* **Available records**:

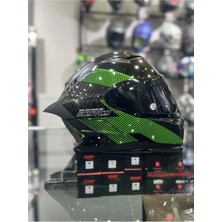 Scoyco 871 Ghost Yeşil Siyah Vizörlü Kapalı Kask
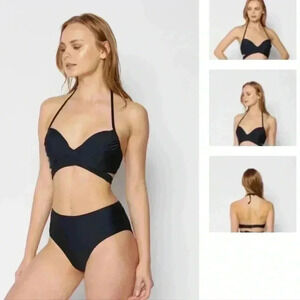 Marina west black bikini top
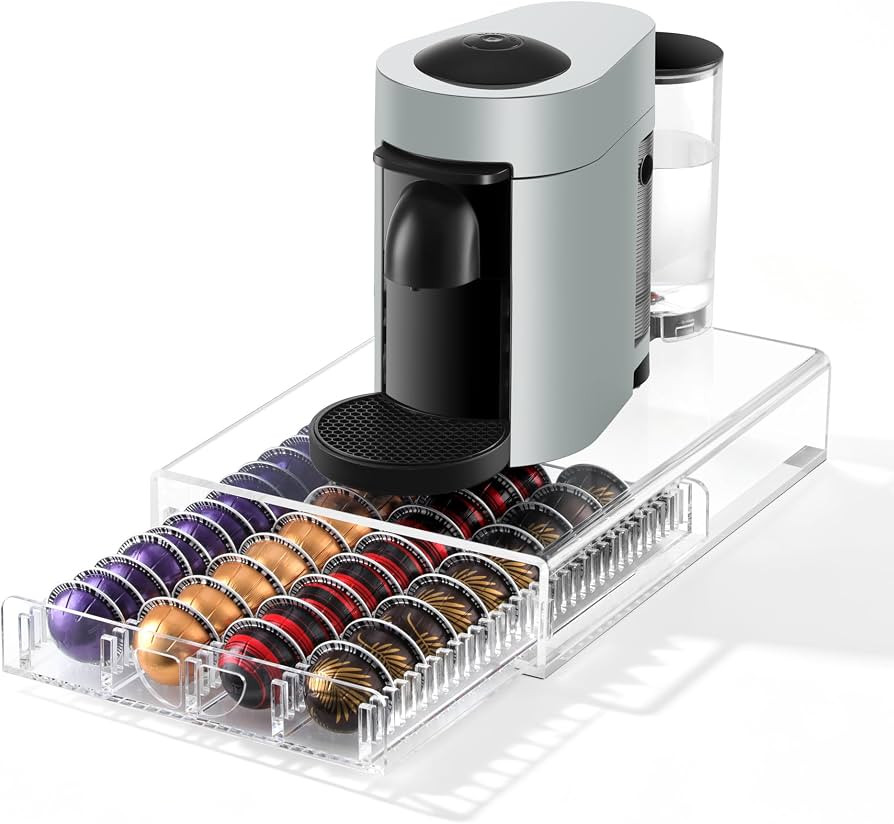 Coffee Pod Drawer Organizer for Nespresso Vertuo Pods,Acrylic Coffee Pod Holder Holds 40 Large or... | Amazon (US)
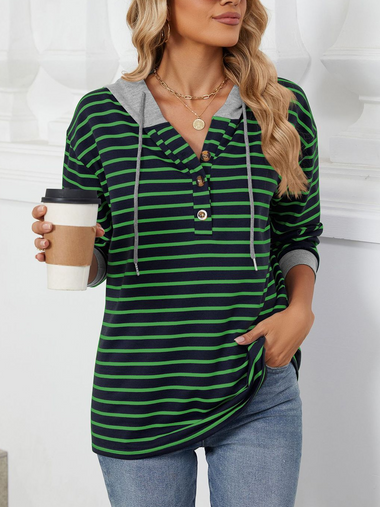 Casual Long Sleeve Hoodie Striped Zipper Loose Regular Sweatshirt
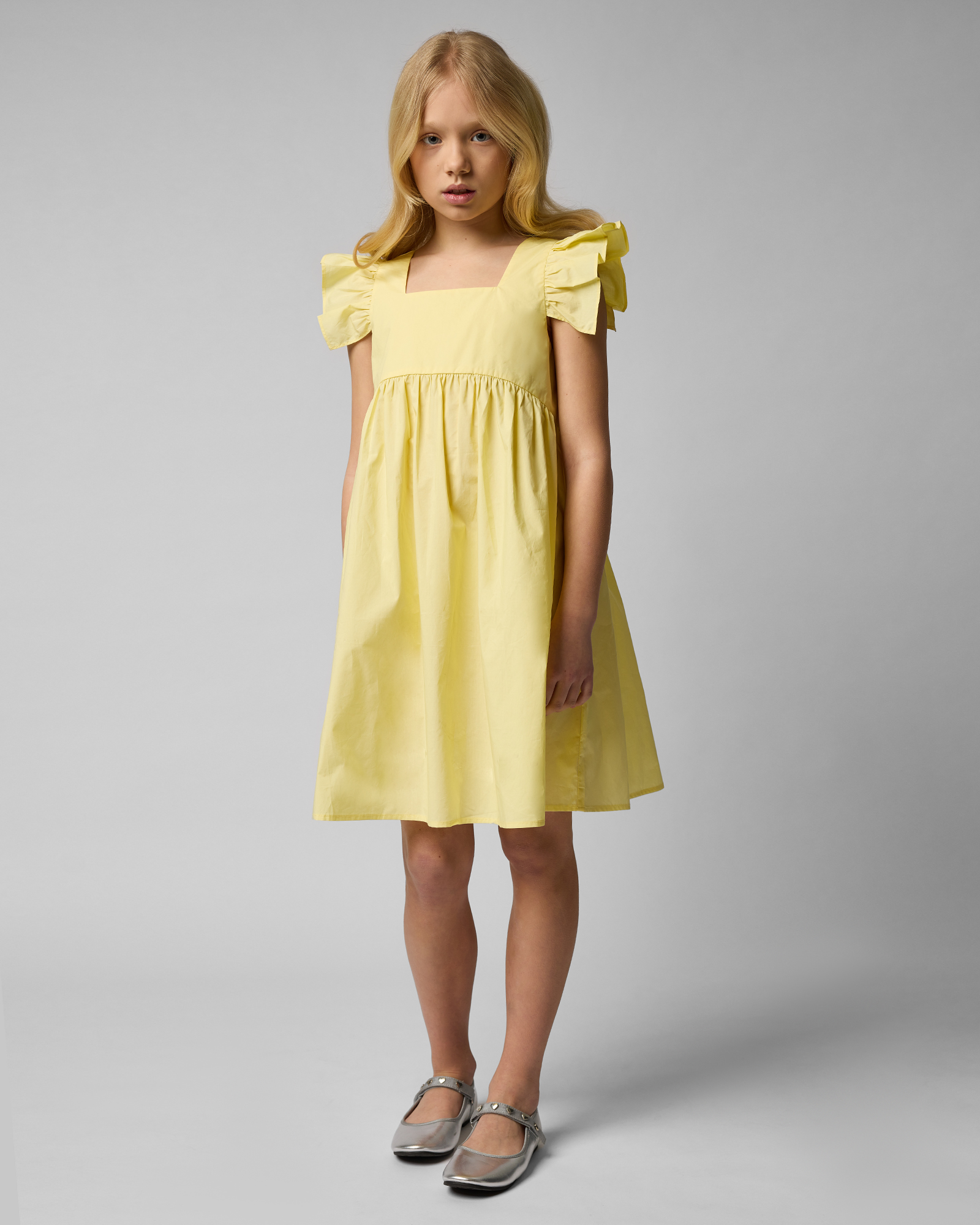 Изображение товара Платье Futurino Fashion 152 Жёлтое с оборками и капелькой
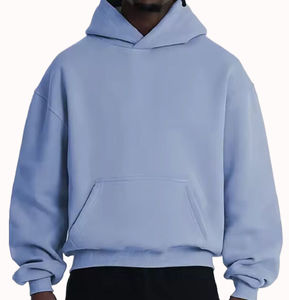 Sweat à capuche pour homme en coton 100% avec logo personnalisé sur le devant, poche, coupe ample, tissu tricoté écologique pour l'hiver - Product Image 3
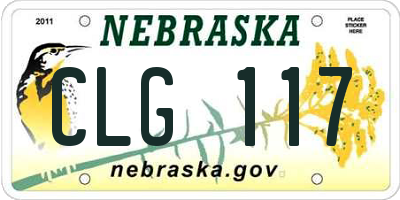 NE license plate CLG117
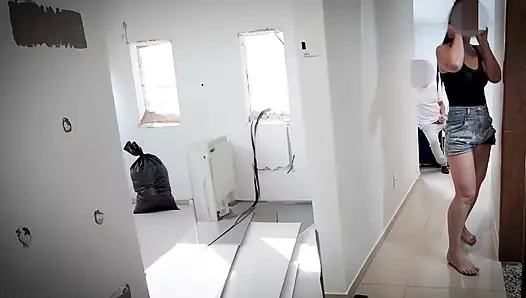 Naughty housewife fucks with the architect working at her house.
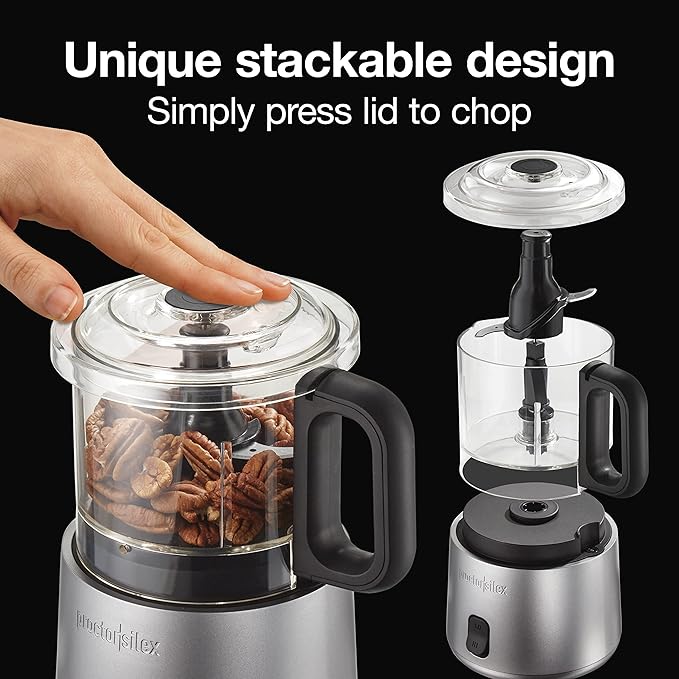 Proctor Silex Durable Electric Vegetable Chopper & Mini Food Processor with 2 Speeds for Chopping, Puree & Emulsify, 3.5 Cups, Silver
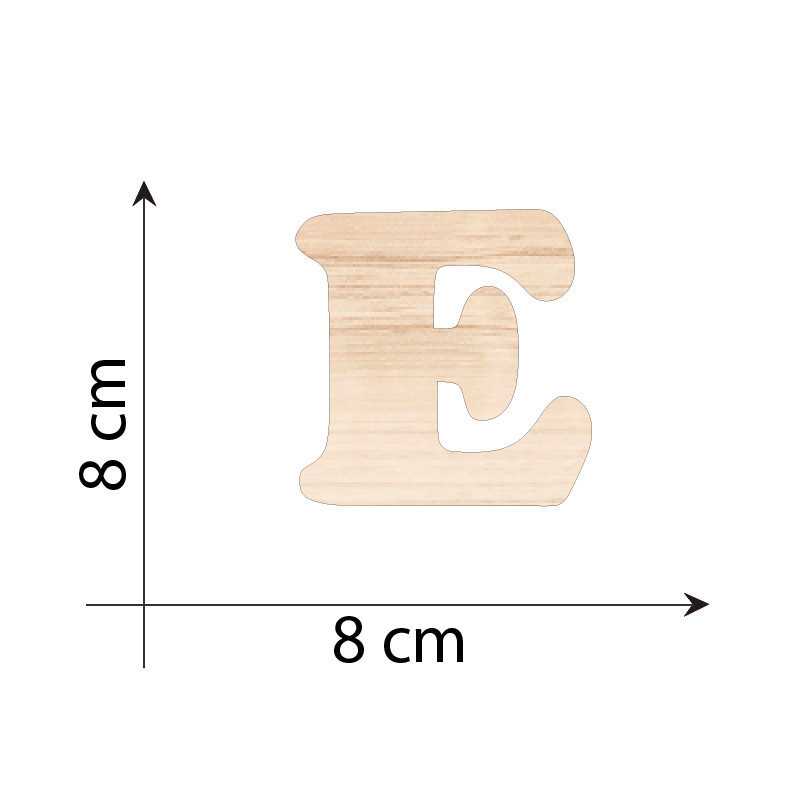 Letter E 8 cm in 3mm wood...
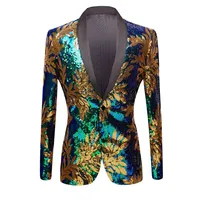 

New Green Blue Gold Leaves Pattern Sequins Blazer DJ Night Club Singers Slim Fit Men Suit Jacket Stage Shiny Costume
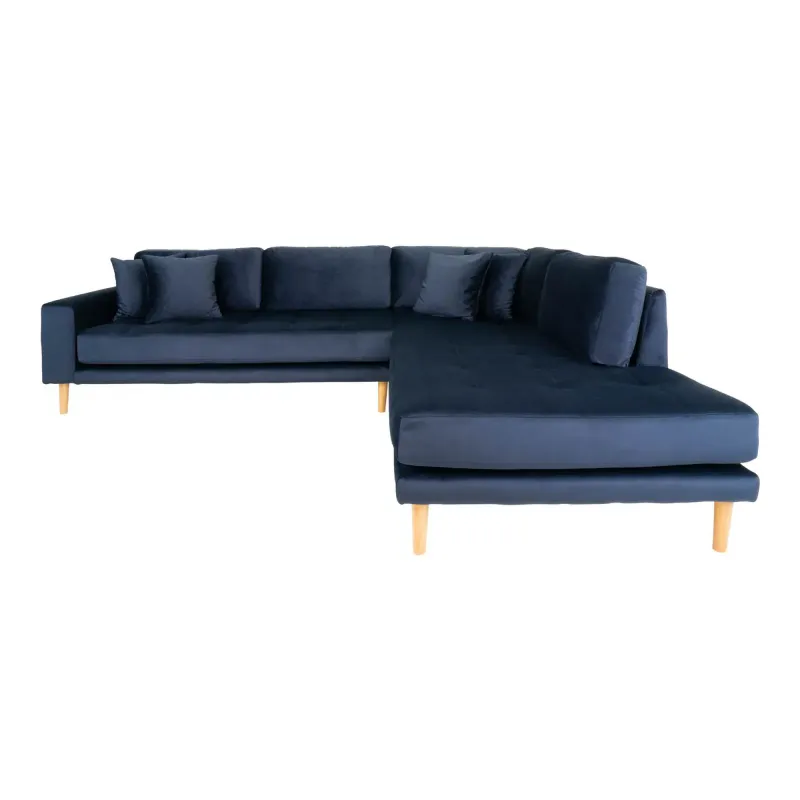 Blå Velour Højrevendt Sofa med 4 Puder - Tilbud!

* **What the exercise asks**: An exact restatement is expected of the lines from the line containing "NE license plate CLG117" to the end of the data above, pictures excluded.

* **Exercise response**:
 NE license plate CLG117
 Naughty housewife fucks with the architect working at her house.
 Proctor Silex Durable Electric Vegetable Chopper & Mini Food Processor with 2 Speeds for Chopping, Puree & Emulsify, 3.5 Cups, Silver
 Letter E 8 cm in 3mm wood...

New Green Blue Gold Leaves Pattern Sequins Blazer DJ Night Club Singers Slim Fit Men Suit Jacket Stage Shiny Costume
 Blå Velour Højrevendt Sofa med 4 Puder - Tilbud!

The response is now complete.